To return to our opening question, then, how is a college like a scrapbook? Seen through the lens of Miss Wilson’s history-keeping, we might say that both are collages: both are compilations of documents, experiences, and stories.[9] When academics critique “the institution,” writ large, we tend to see the university as the entity being resisted, the enemy of creative, reorganizing thought. But it is worthwhile remembering that institutions, too, are made, scrabbled together from existing pieces of rearranged educational skeletons and compiled into living, breathing behemoths that only in afteryears appear always to have been fossilized. To recover the creation process of a college through the pages of Miss Wilson’s scrapbook is also to recover the ability to see our institutions as constructable. Perhaps most importantly, the idea of a college as collage thus offers us an invitation to imagine what we would like our own added scraps to be.  

Notes

[1] Edith Wilson, Scrapbook, 1883-1904. Archive of the University of Manchester Adviser to Women Students. University of Manchester Library. GB 133 AWS/6/1. I accessed this scrapbook at the University of Manchester in Summer 2023. I am grateful to the archivists and to the library imaging services for their kindness and assistance.

[2] Ellen Gruber Garvey, Writing with Scissors: American Scrapbooks from the Civil War to the Harlem Renaissance (Oxford: Oxford UP, 2012). See especially Chapter 5, “Strategic Scrapbooks: Activist Women’s Clipping and Self-Creation.”

[3] Sara Cooper, “Radcliffe’s Strongest Woman: The Bricolaged Body in One Progressive Era Women’s College Scrapbook,” Rhetoric Review 41, no. 2 (2022): 95-115. 110, 98.

[4] Alexis Easley, “Scrapbooks and Women’s Leisure Reading Practices, 1825-60,” Nineteenth-Century Gender Studies 15, no. 2 (Summer 2019). Par 17.

[5] Jillian M. Hess, How Romantics and Victorians Organized Information: Commonplace Books, Scrapbooks, and Albums (Oxford: Oxford UP, 2022). See in particular the “Books of Scraps” section of Chapter 1 (26-34).  

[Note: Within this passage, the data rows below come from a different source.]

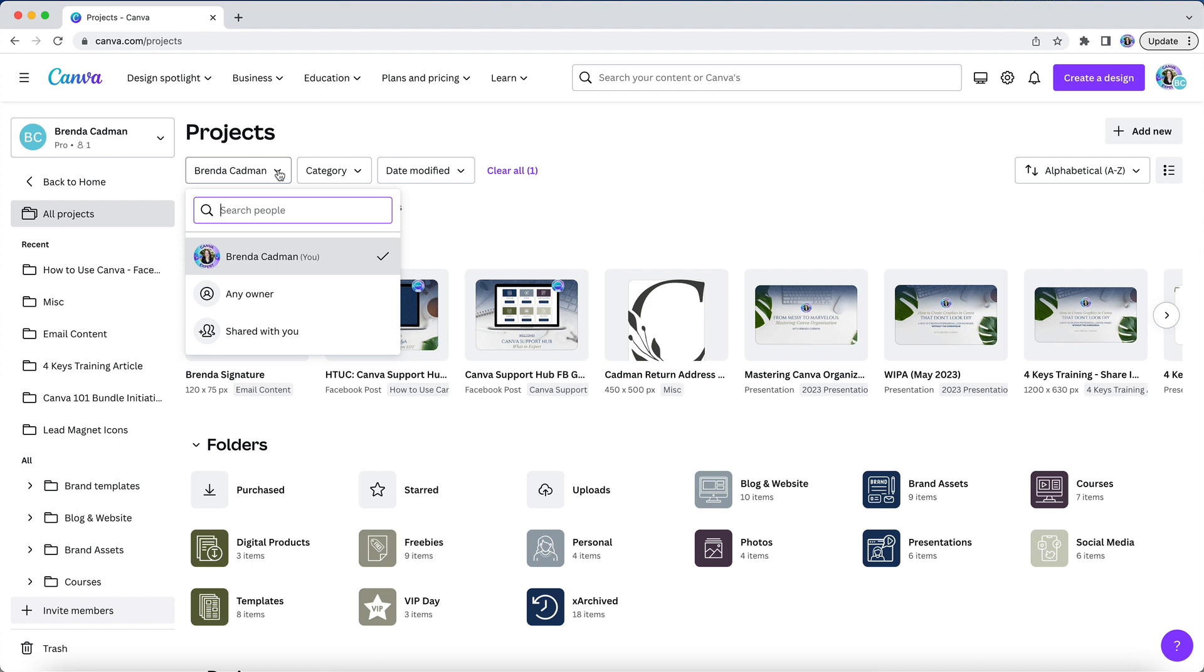If it is set to any owner, you will see everything, both your designs and anything that has been shared with you. If you choose shared with you, you will only see the designs that have been shared with you. But if you choose your own name, then you will see only the designs that you have created.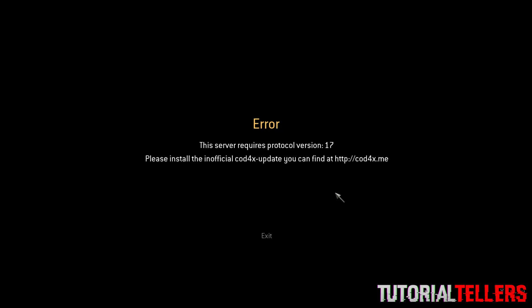What is up YouTube, Nick from Tutorial Tellers, and today I'll be showing you guys how to fix Call of Duty 4 on PC.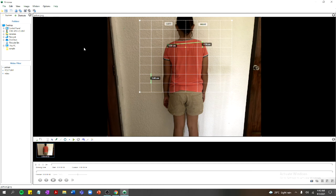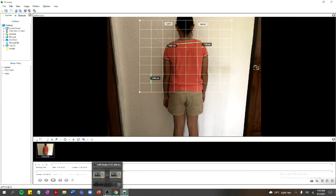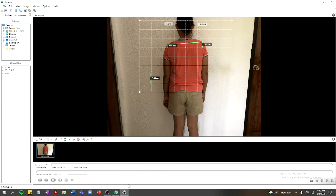This was an introduction to the basic features of Kinovea. In my next video, I will show you how to use Kinovea to perform a range of motion assessment.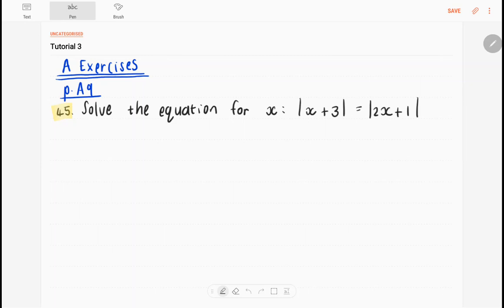The first exercise we're looking at is on page A9 in your textbook, number 45. It says: solve the equation for x, where we have the absolute value of x plus 3 equals the absolute value of 2x plus 1.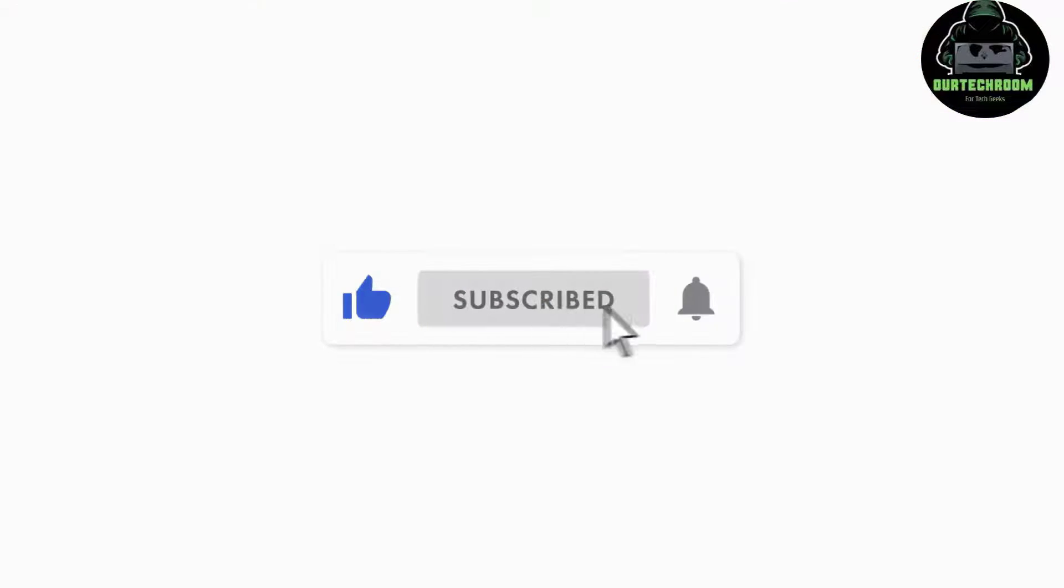If you love this video, please like it and subscribe to the channel for similar videos.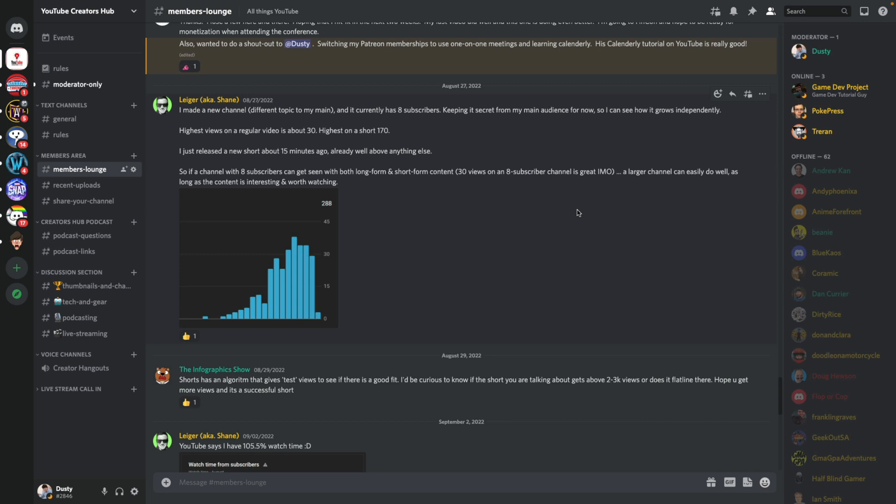Hopefully this was helpful to show you exactly how to create and manage events on Discord. If you have any further questions, put those in the comment section down below and I'll see you guys in the next video.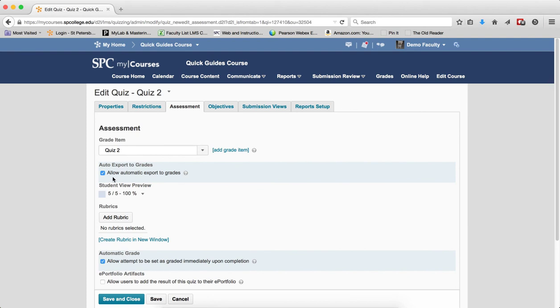The first checkbox is what moves the grades to the gradebook. The second one isn't about the gradebook, but it allows students to see their grade after they've completed the attempt.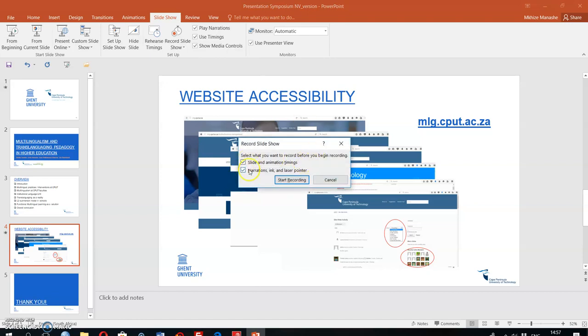You select or deselect again what you need for this particular recording. You click on Start Recording.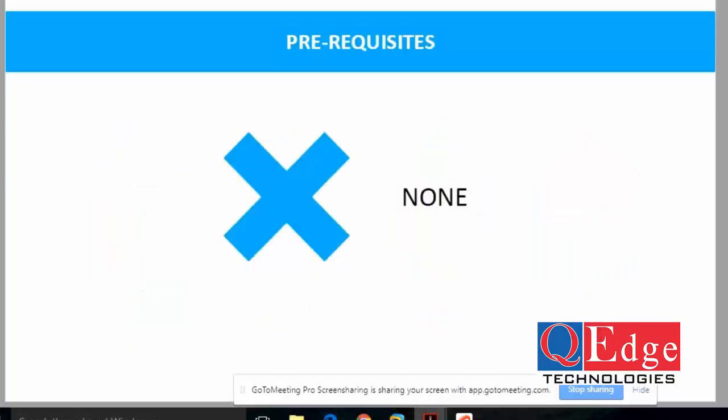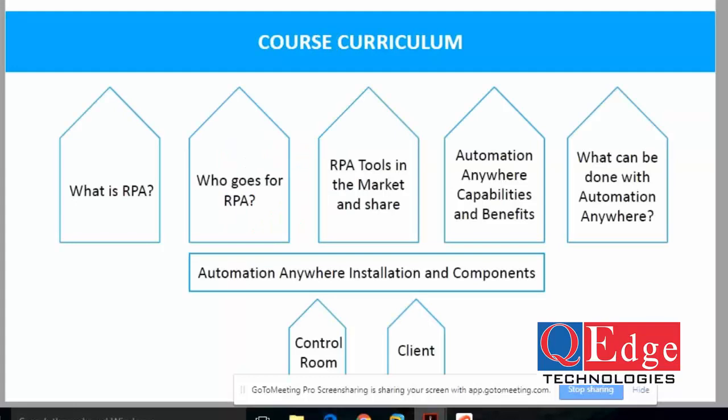The next question is prerequisites. Many industries are implementing RPA, so is a coding or technical background required? No — prerequisites are almost none. If any manager, senior manager, or developer has basic knowledge of IT or just knows how data flows from one application to another, or understands org-level business flow, they can easily learn RPA.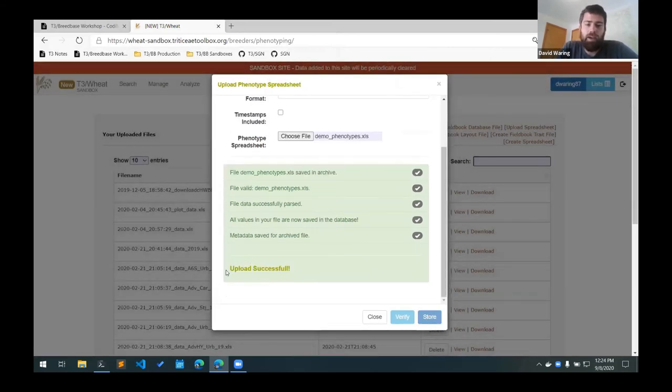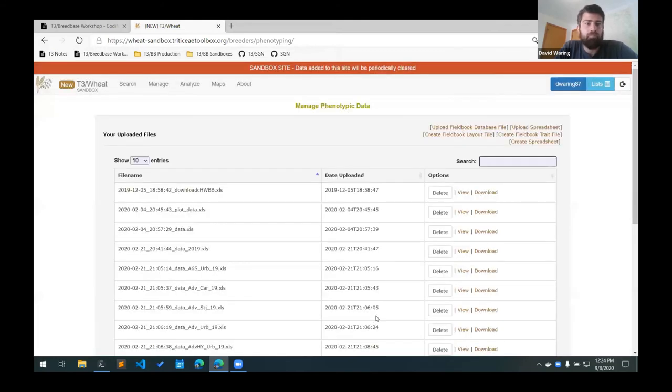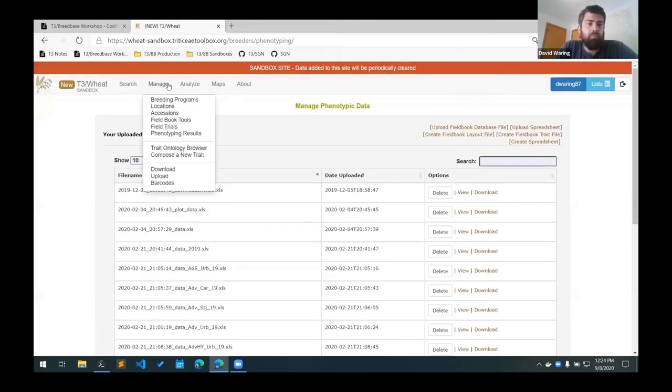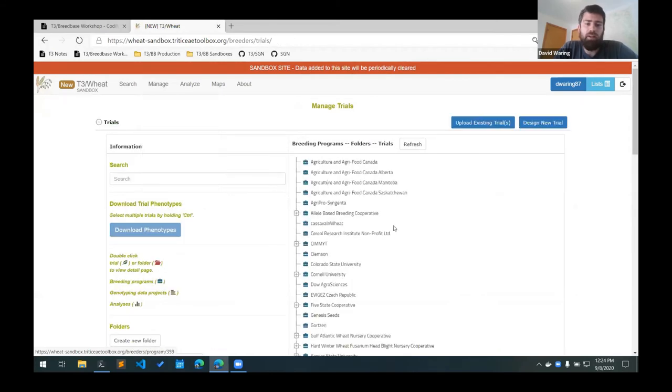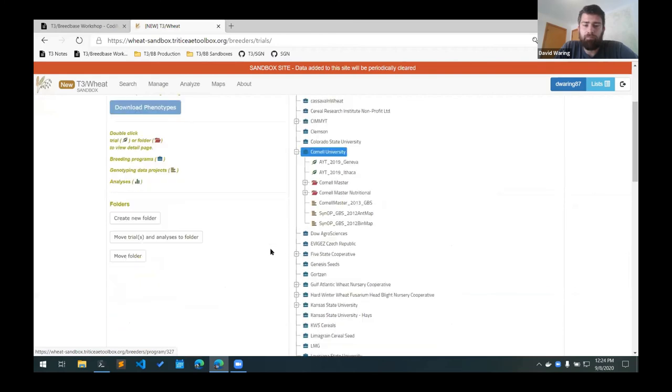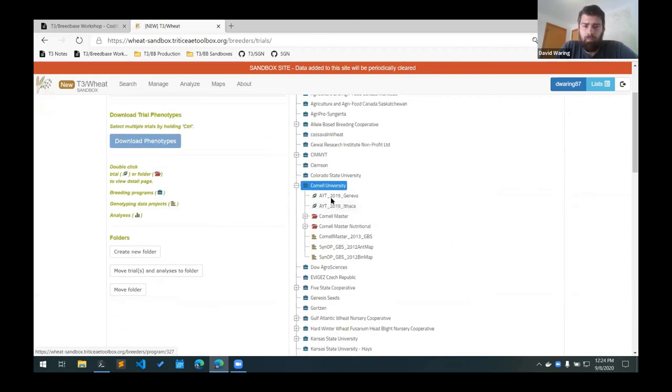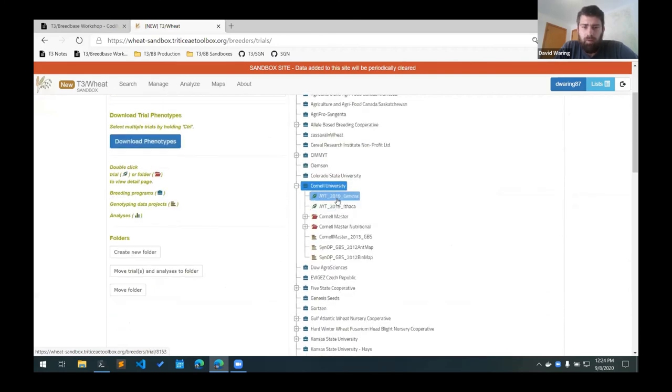So down here we have an upload successful. So that's good. What we can do is we can view our trials. So we go to manage field trials, find our breeding program, and then our locations here.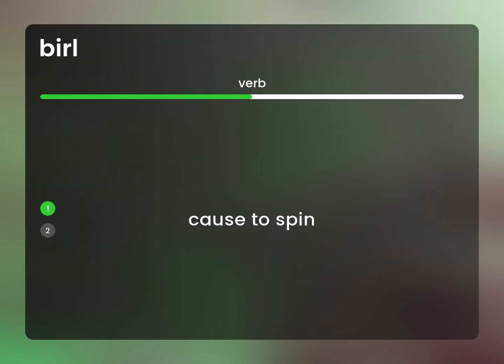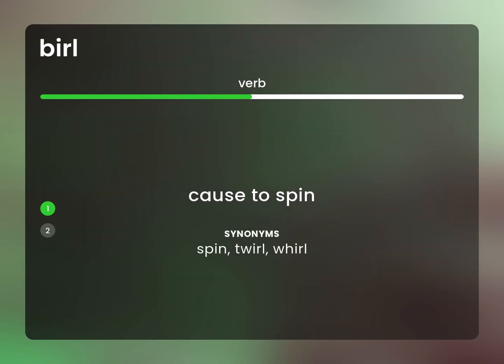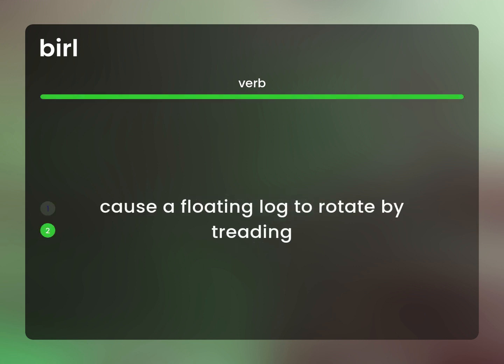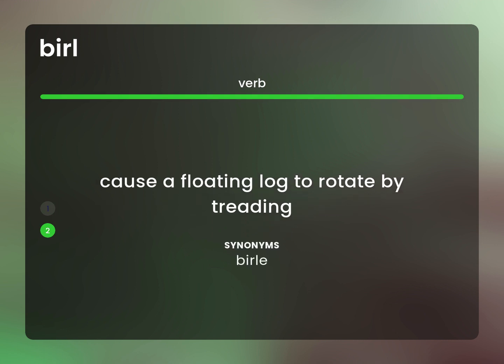Cus to spin. Spin, twirl, whirl. Cus a floating log to rotate by treading. Burl.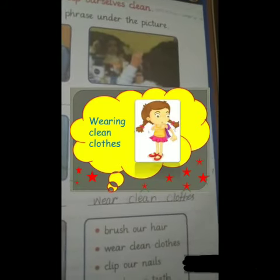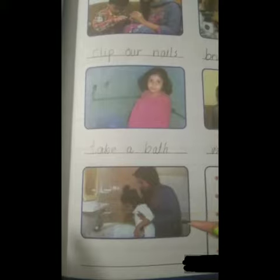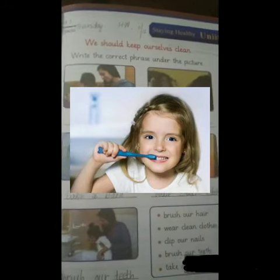Look at that picture, students — wear clean clothes. Humay saaf sutre kapde pehenne chahiye. And the last picture is: brush our teeth daily. Like this. This is your homework, students — also write H.W., date, and day. Do it carefully.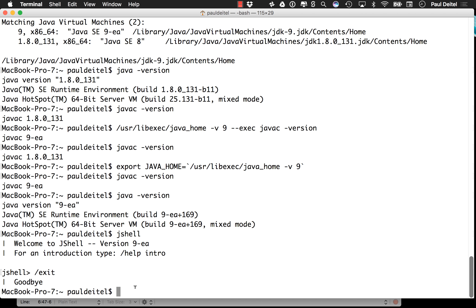Of course, if you'd like to go back to Java 1.8.0 as your default JDK, you can perform the same basic steps to select that JDK instead, which is something you'll need to do if you're developing for Java 8 or earlier versus testing with Java 9, because it's not a final product yet.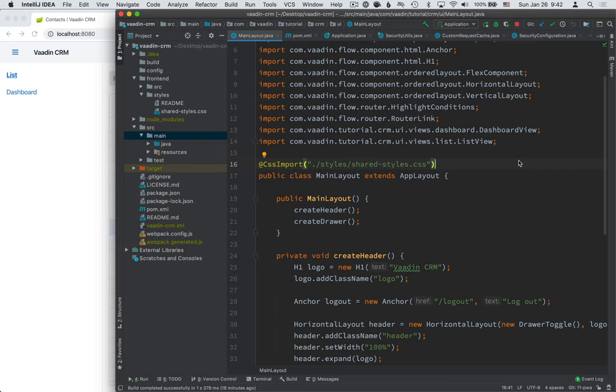The second thing is a service worker, which is a JavaScript file that sits between our application and the network inside of the browser. It gives us full control over how we want to deal with caching of assets inside of our application. We want to have some content available offline. For instance, in our case, we're going to serve a custom offline fallback page to our users.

[6] Description of 'Scrapbook, 1883-1904. Archive of the University of Manchester Adviser to Women Students. University of Manchester Library. GB 133 AWS/6/1' on the Archives Hub website, [http://archiveshub.jisc.ac.uk/data/gb133-aws/aws/6/1]. Accessed June 3, 2024.

[7] Miss Wilson’s focus on student achievements resonates in particular with Garvey’s discussion of “the ‘accomplishments’ strain” of “mining the newspaper for an alternative history” of women’s successes (196) and using scrapbooks to “fill in for the absence of information in books on women’s lives and situations” (197). Here, however, even the newspaper is often lacking in coverage, in comparison to Miss Wilson’s first-hand knowledge of her students (though we do see further news clippings on female graduates, prizes, etc, included in the scrapbook as well).  

[8] Hess, How Romantics and Victorians Organized Information, 15.

[9] For more on collage as “the scrapbook’s art form,” see Katherine Ott, Susan Tucker, and Patricia P. Buckler, “An Introduction to the History of Scrapbooks,” in The Scrapbook in American Life, ed. Tucker, Ott, and Buckler (Philadelphia: Temple UP, 2006), especially 16-18. As Ott, Tucker, and Buckler note, “The convergence of the dissimilar to produce meaningful association was of revolutionary significance” (17). We might see this as an apt description of the project of industrial colleges, as much as the project of scrapbooks.   

About the Author

Abigail Droge is an Assistant Professor of British Literature in the SUNY Cortland English Department. Her research focuses on how nineteenth-century college students and adult learning communities interacted with literature, particularly in industrial environments. Her work has appeared in Victorian Studies, The Victorian Periodicals Review, and Daedalus.